“Sportclubs moeten extra inkomsten vinden”, aldus minister Conny Helder als reactie op de dreiging dat honderden verenigingen dreigen om te vallen door te hoge energierekeningen en teruglopende inkomsten. Verenigingen moeten volgens haar niet volop leunen op de overheid. Zij heeft zeker gelijk. Het gesprek over deze uitdaging kent echter vaak de verkeerde focus, namelijk: het geld. Verenigingen focussen op subsidies en overheden op beperkte middelen.
Ook in onze gemeente beslissen we binnenkort over een nieuw subsidiekader, waarbij het uitgangspunt minder (beschikbaar) geld is. De keuze moet dan niet alleen zijn of alle of sommige verenigingen minder gaan krijgen. Nee, we moeten vooral kijken hoe we verenigingen kunnen helpen met hun (financiële) uitdagingen. Dit met onderscheid tussen de incidentele en structurele problematieken. Tegen Corona en de actuele extreme energiestijgingen is, buiten het hebben van reserves, geen beleid opgewassen. Hier rest niets anders dan met elkaar zoeken naar financiële oplossingen. Wij hebben als PvdA eerder al gepleit om ook dwarsverbanden te leggen met andere beleidsterreinen waar verenigingen onmiskenbaar ook hun bijdrage aan leveren. Het kan bijvoorbeeld niet zo zijn dat inwoners nog meer op kosten worden gejaagd omdat zij en/of hun kinderen niet meer op de club kunnen douchen.

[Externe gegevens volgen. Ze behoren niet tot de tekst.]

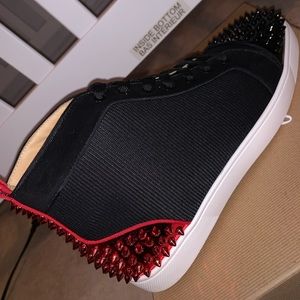 CHRISTIAN LOUBOUTIN SZ 11 USED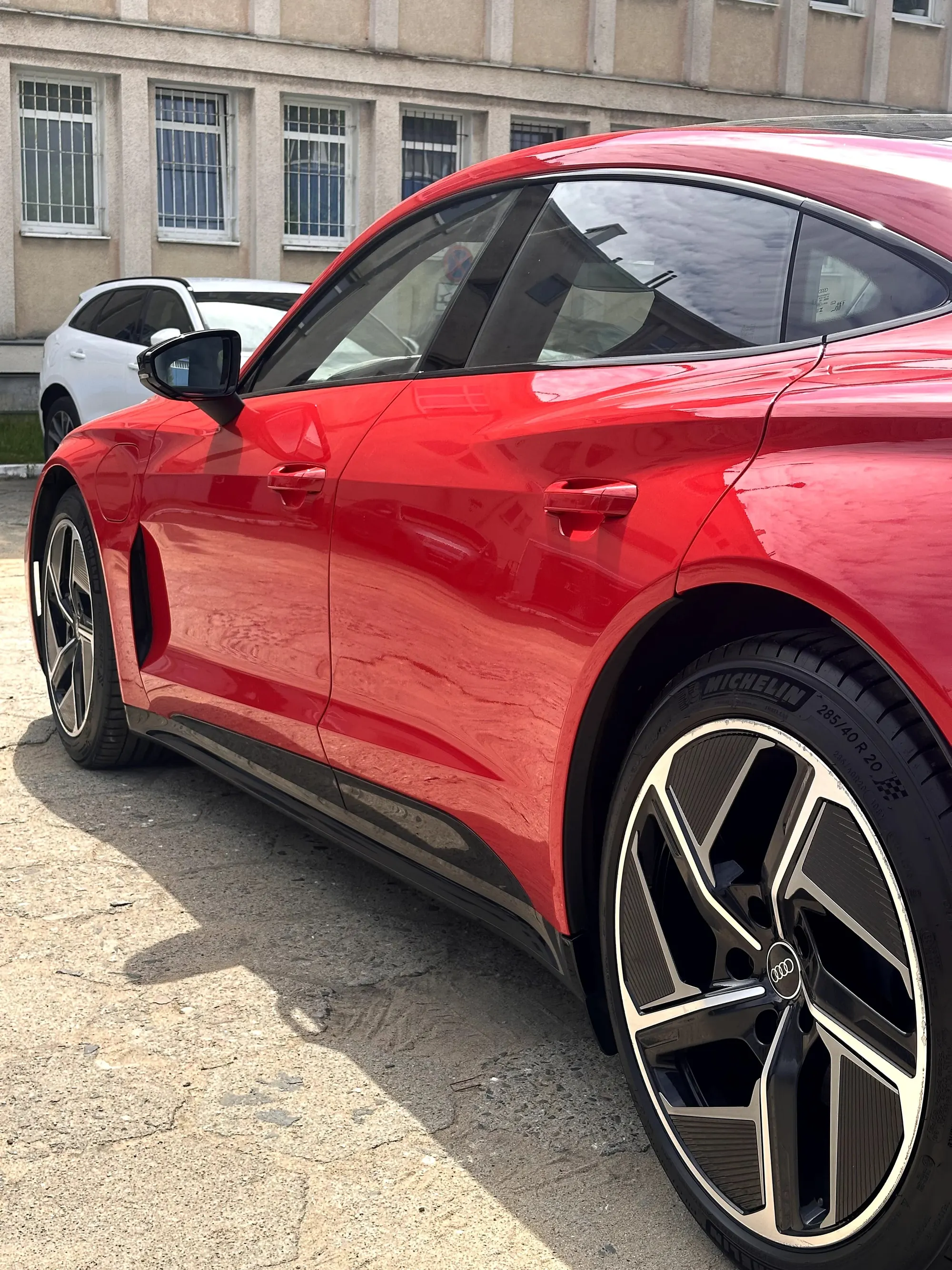 Audi Etron GT — zdjęcie 3
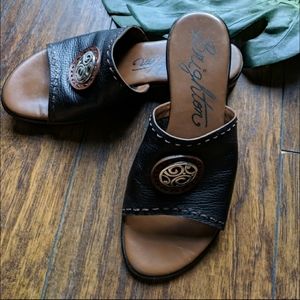 Brighton black slide sandals size 7 N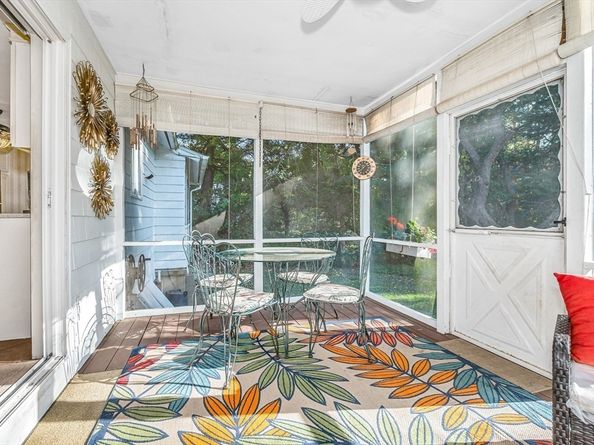 1170 Livingston St, Tewksbury MA 01876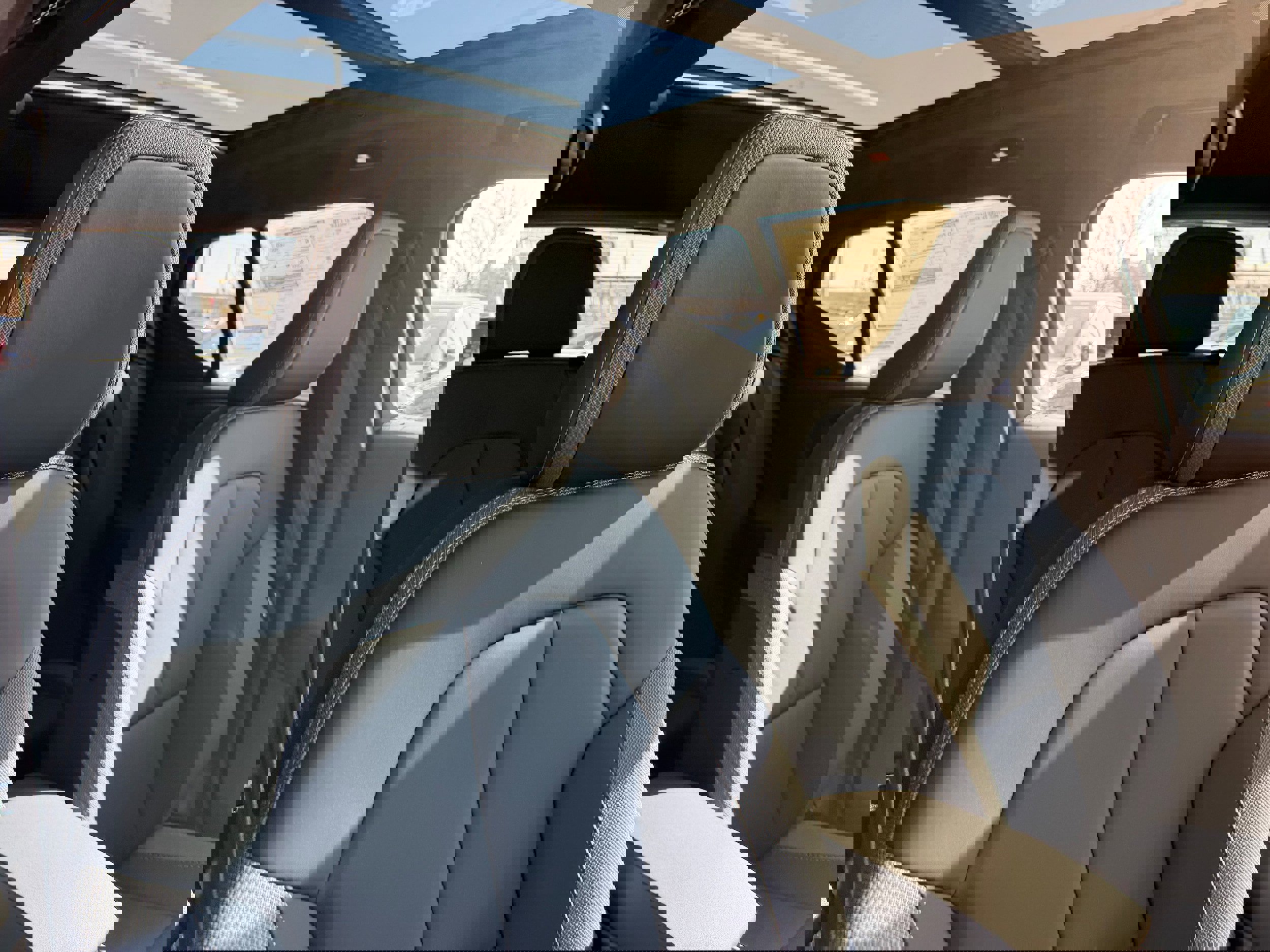 New 2026 Volvo EX40 Plus w/ Climate Package image 9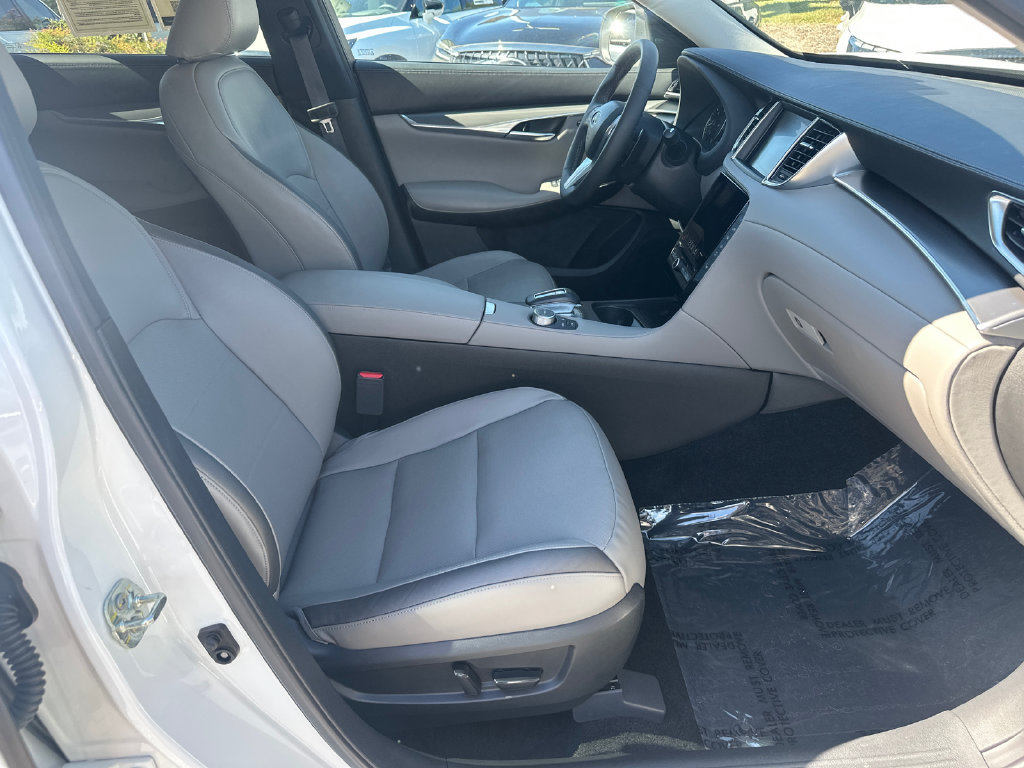 Certified 2023 INFINITI QX50 Luxe FWD image 11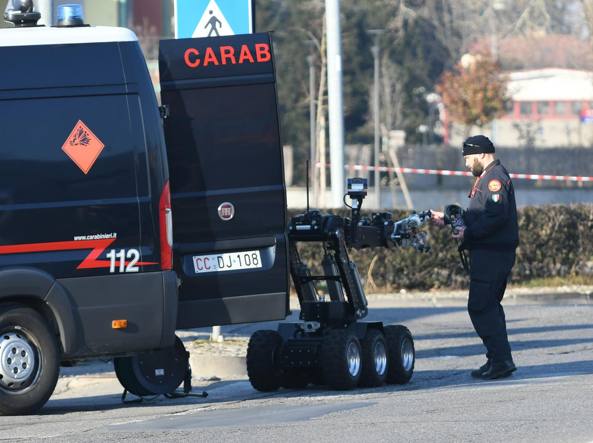 Allarme bomba lanciato dai passanti, trovata vicino ad una scuola e ad una chiesa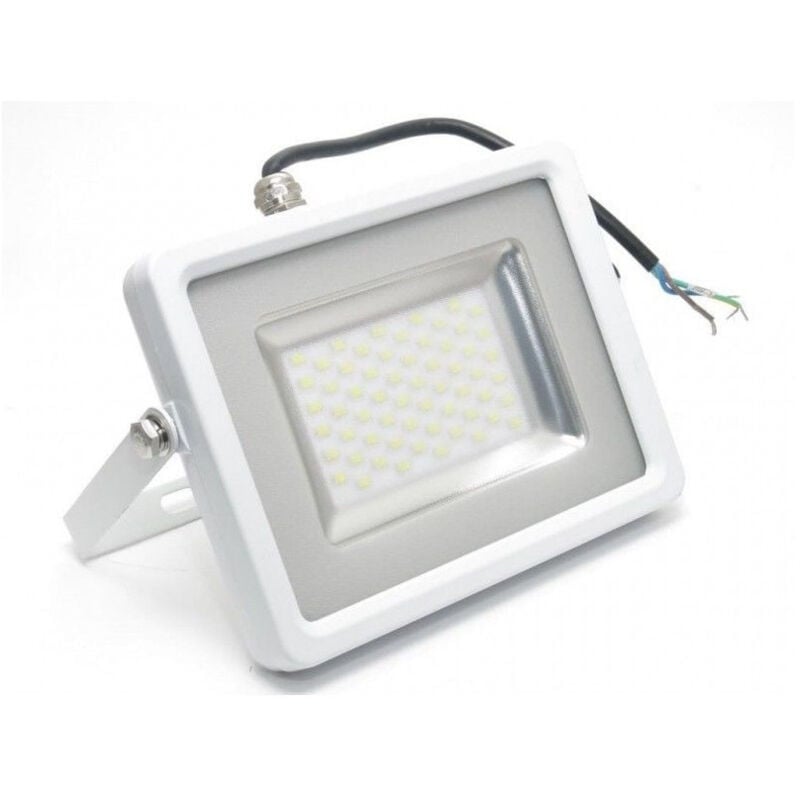 foto del prodotto trade shop traesio v tac faro led smd 10w 20w 30w 50w 100w ultra slim da esterno colore bianco bianco naturale 100 watt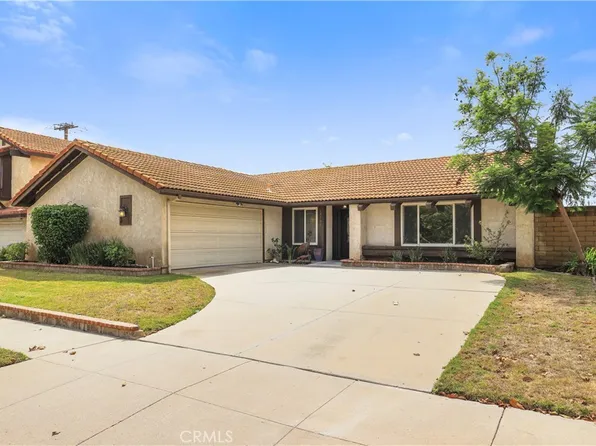 13203 Peach Hill Rd, Moorpark, CA 93021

Structurele daling van inkomsten uit bijv. sponsoring of contributie hebben echter dieperliggende oorzaken waar verenigingen vaak zelf moeilijk uitkomen. Laten wij als gemeente dan ook niet alleen focussen op het verdelen van het (lagere) budget, maar vooral ook op hoe we het budget inzetten, zoals aan kwalitatieve ondersteuning van onze belangrijke vrijwilligers.